You ask for more than I can give in a short answer; it is one of the most important questions of the times, or of all times. The Republic is in a critical period, with little holding it together, and among the Legions, while old fashioned patriotism that inspired American armies from the times of Valley Forge is growing thin. Political correctness has corrupted much of the officer corps. Fighting men know what they fight for; those who have not that experience generally have fancies, but they don’t know. But yes, it has a very great deal to do with Republic and Empire.

One of the best and most important books on this is Joseph Maxwell Cameron, The Anatomy of Military Merit. Unfortunately it is long out of print and I don’t know how it can be made available. My copy was copyrighted in 1960. Cameron was born in 1905. I do not know when he died, or who might own the copyright if one is still extant. Books like this would have been available under the Google/Author’s Guild settlement, but the courts threw that out. Cameron has much to say about the place of discipline.

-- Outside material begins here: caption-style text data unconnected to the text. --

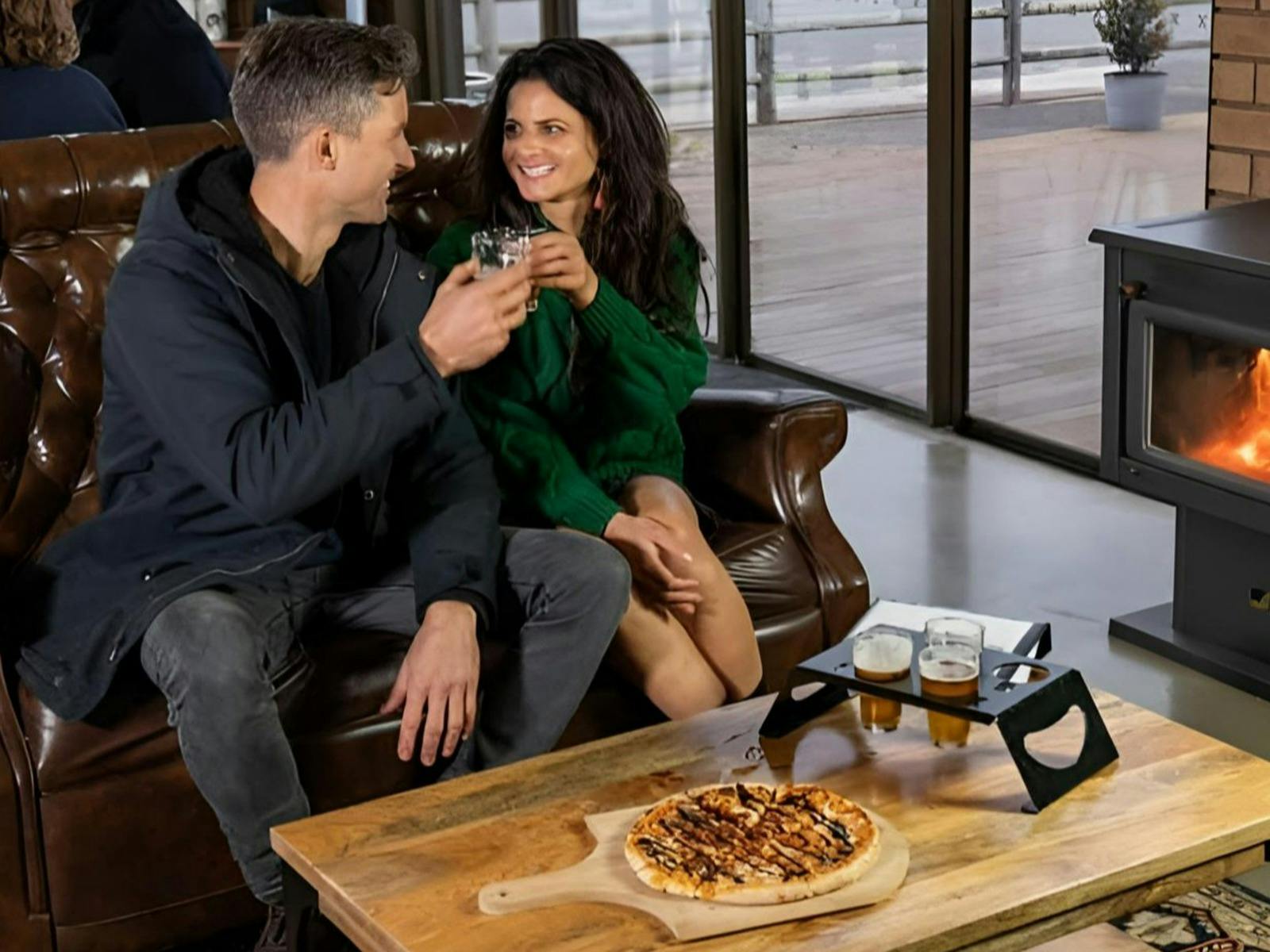 Couple drinking beer tasting paddle with pizza by lit woodfire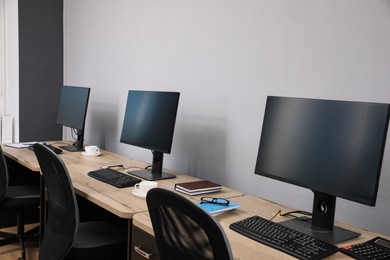 Photo of Open office interior. Modern workplaces with computers near light grey wall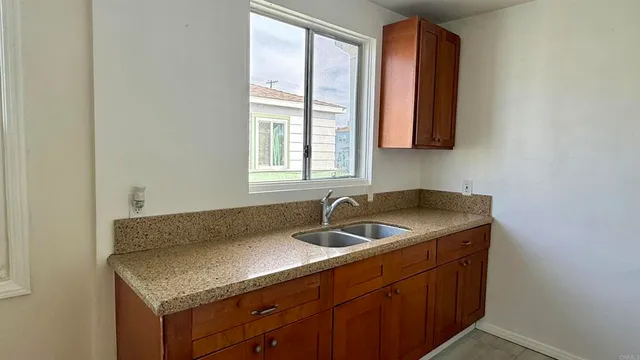 a kitchen with a granite countertop sink and a window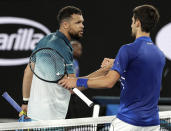 Serbia's Novak Djokovic, right, is congratulated by France's Jo-Wilfried Tsonga after winning their second round match at the Australian Open tennis championships in Melbourne, Australia, Friday, Jan. 18, 2019.(AP Photo/Aaron Favila)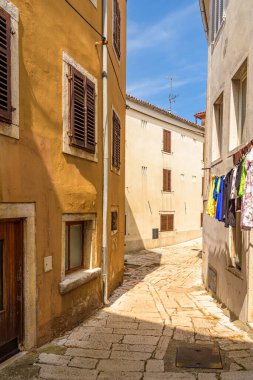 Vrsar, Croatia - July 25 2024: Narrow street in the old town of Vrsar, Croatian. The laundry hangs outside in the narrow streets of the village 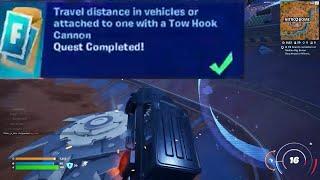 Travel distance in vehicles or attached to one with a Tow Hook Cannon Fortnite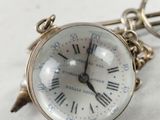 a small silver clock with roman numerals on it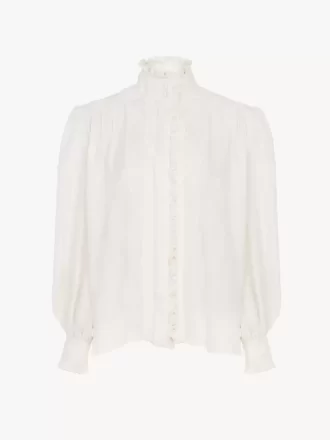 Blusa oversize con volant in jacquard di seta Blusa oversize con volant in jacquard di seta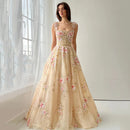 Woman wearing a floral beige evening gown in a softly lit room, Obroi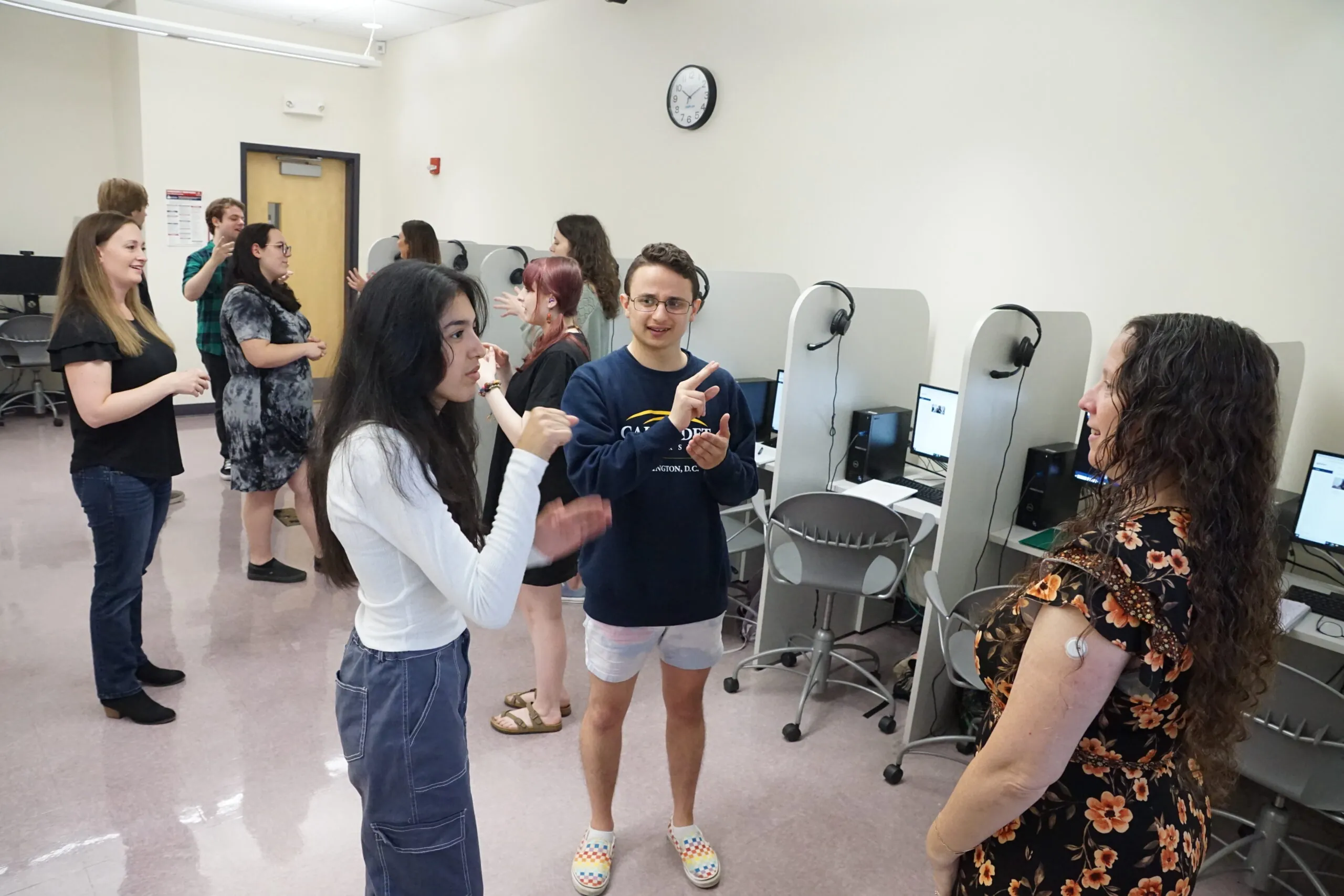 students practicing ASL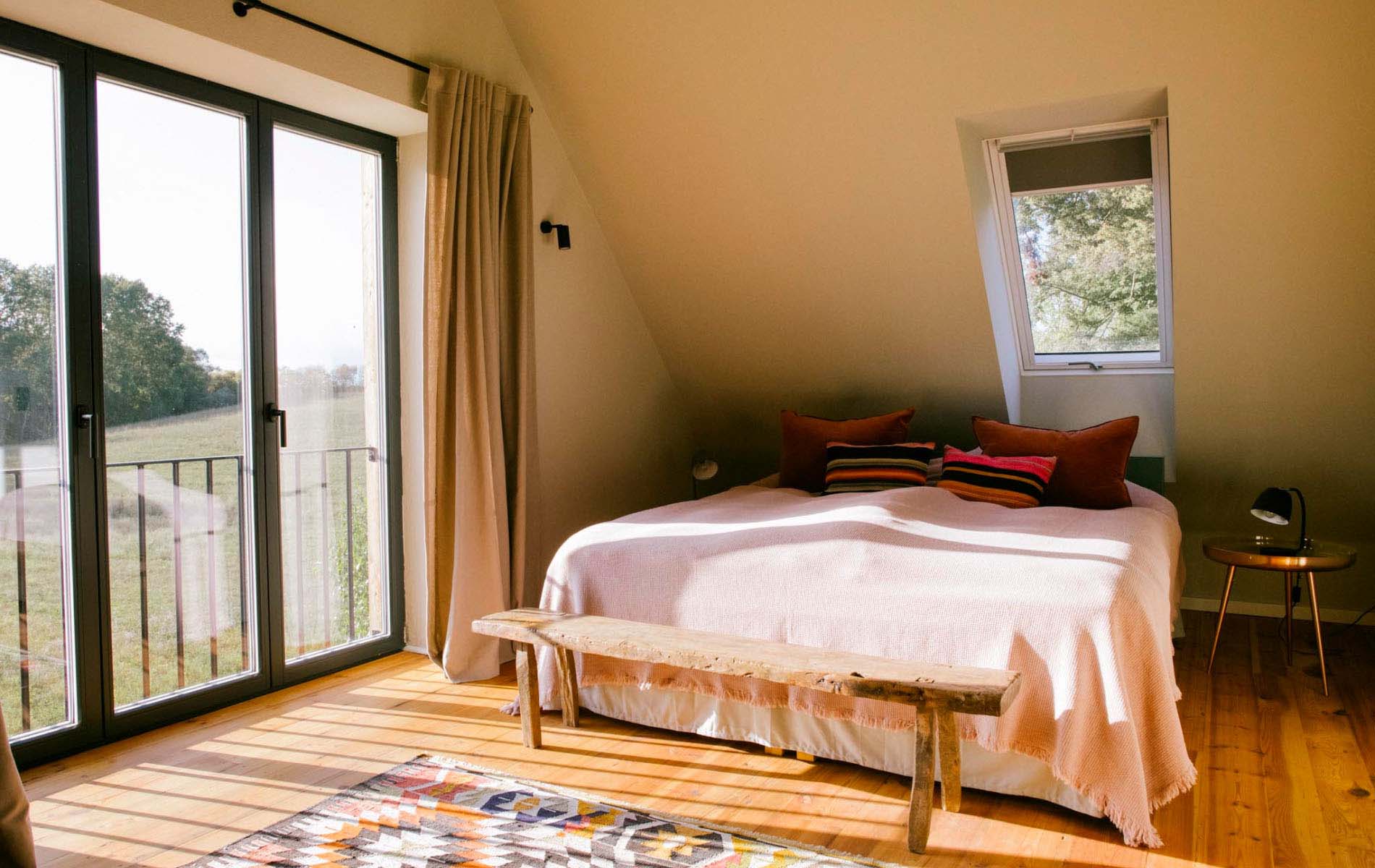 Cosy bedroom with a big bed that uses white sheets and colorful pillows. In front of the bed a small wooden bench is placed. The room looks out to green fields.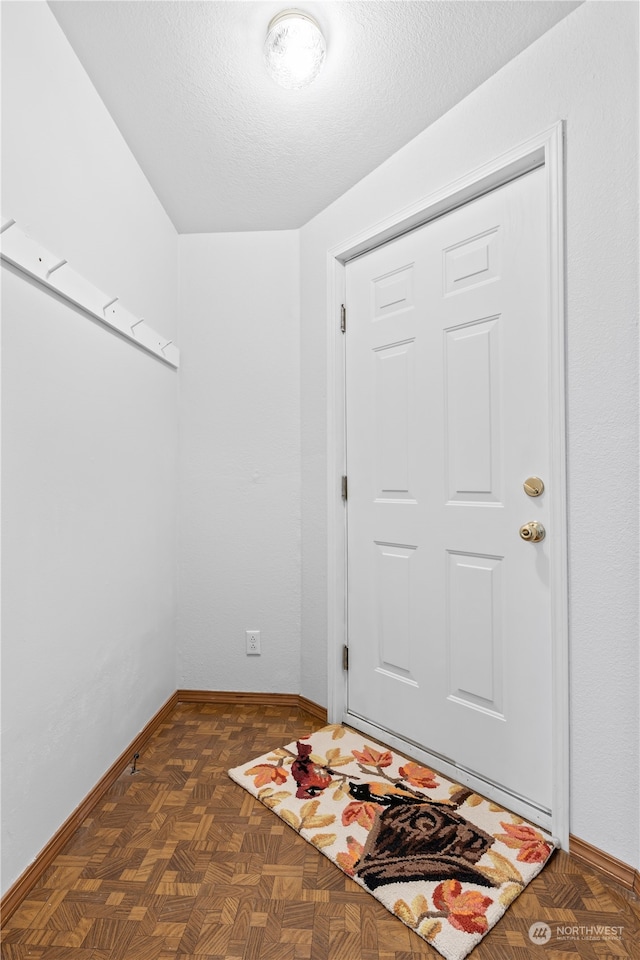 foyer entrance featuring a textured ceiling and dark parquet floors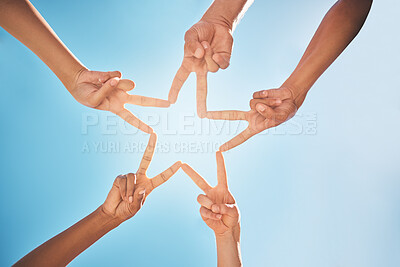 Buy stock photo Hands, star and teamwork with friends in a huddle on a clear blue sky background from below. Trust, support and community with a group of people making a hand sign shape outdoor together in the day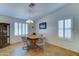 Charming dining area features a wooden table, seating for four, and plantation shutters for a bright, airy feel at 2101 S Meridian Rd # 190, Apache Junction, AZ 85120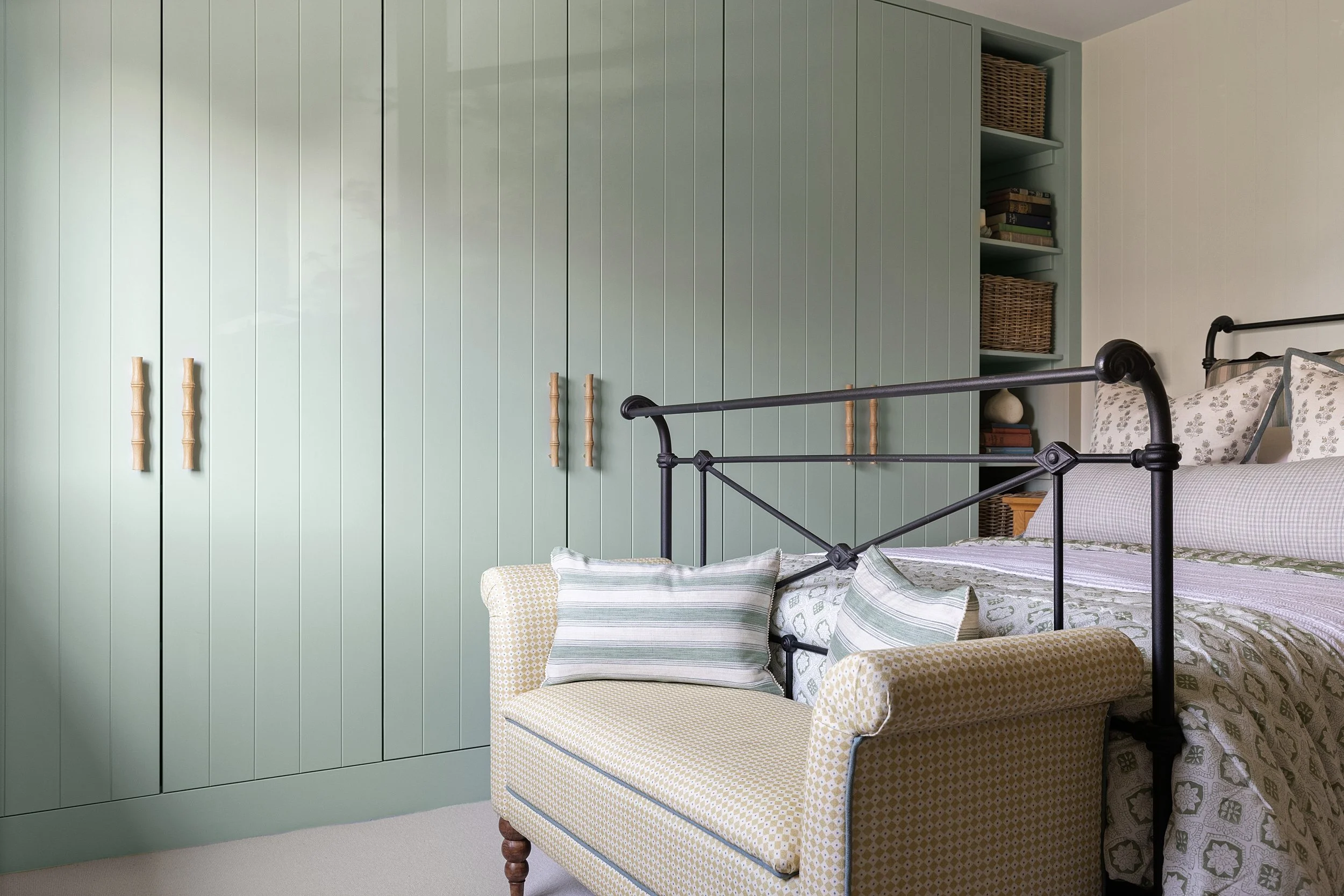A bedroom featuring a green wardrobe with wooden handles, a black metal bed frame, a yellow upholstered bench with pillows, and a built-in bookshelf with wicker baskets and books.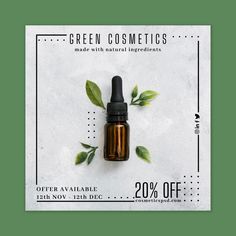 a bottle of green cosmetics sitting on top of a white table next to some leaves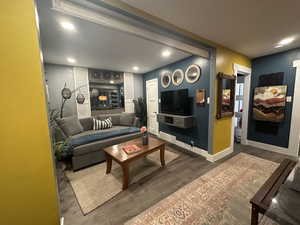 Living room with wood finished floors and recessed lighting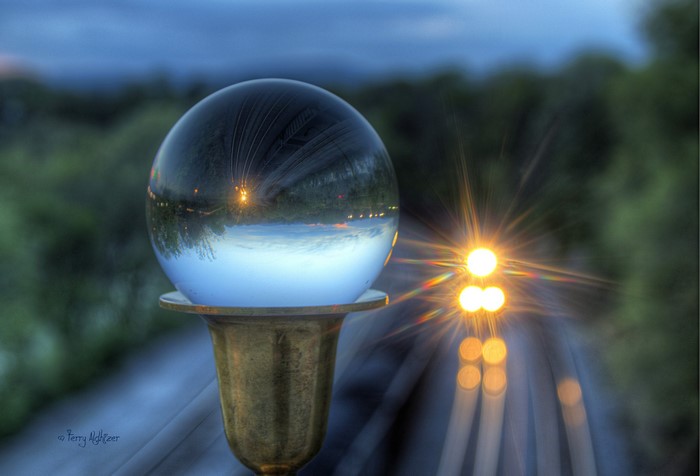 Crystal ball reflecting lights on a pole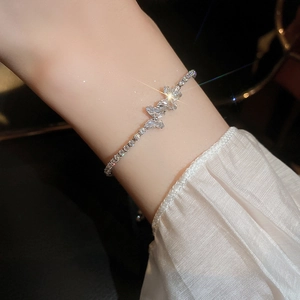 Detailed view of silver zircon butterfly bracelet worn on wrist with elegant white sleeve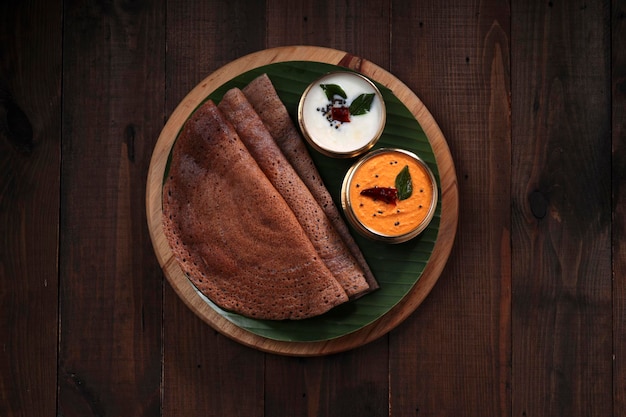 Ragi Dosa, gezond Zuid-Indiaas ontbijtproduct gerangschikt op een ronde houten basis met bananenblad en kokoschutney ernaast.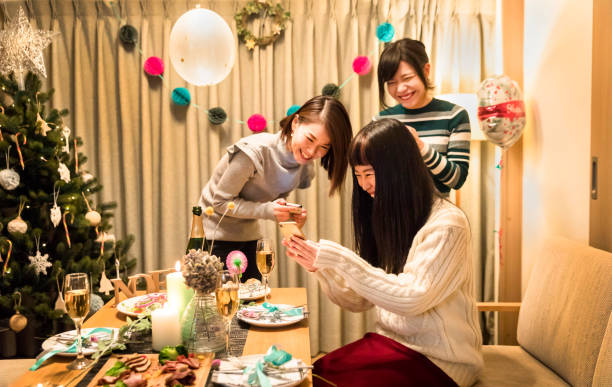 istock apanese girls enjoying a Christmas dinner party 856104328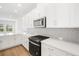 Modern kitchen with white cabinets, stainless steel appliances and island at 5936 Golden Nettle Dr, Apollo Beach, FL 33572
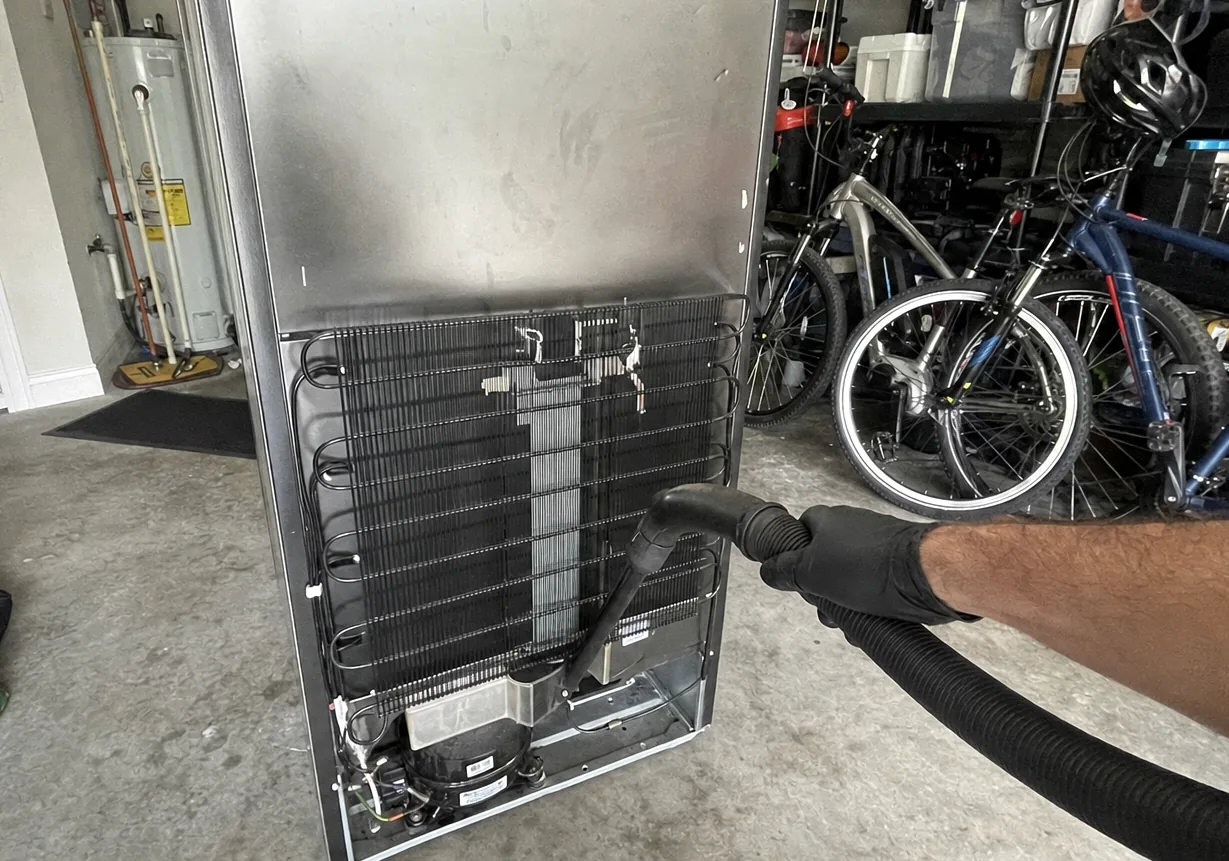 A stainless refrigerator wheeled out into the middle of a home garage for a coil clean, water heater and shelving along the wall behind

Genuine discipline is related to formal discipline, just as ceremonies like standing retreat and military parades have relationships with genuine discipline but they are hardly the same thing. The art of subordinating the unmatched power of the military to the Republic is one of the dread secrets, and it is being lost to the same forces what allowed a mortal enemy of the Republic to become a promoted officer who could shoot down as enemies those who were his patients and comrades. “Cracking down” doesn’t solve that problem.

It is also important to note that Legions and Constabularies are not the same force, and require different disciplines.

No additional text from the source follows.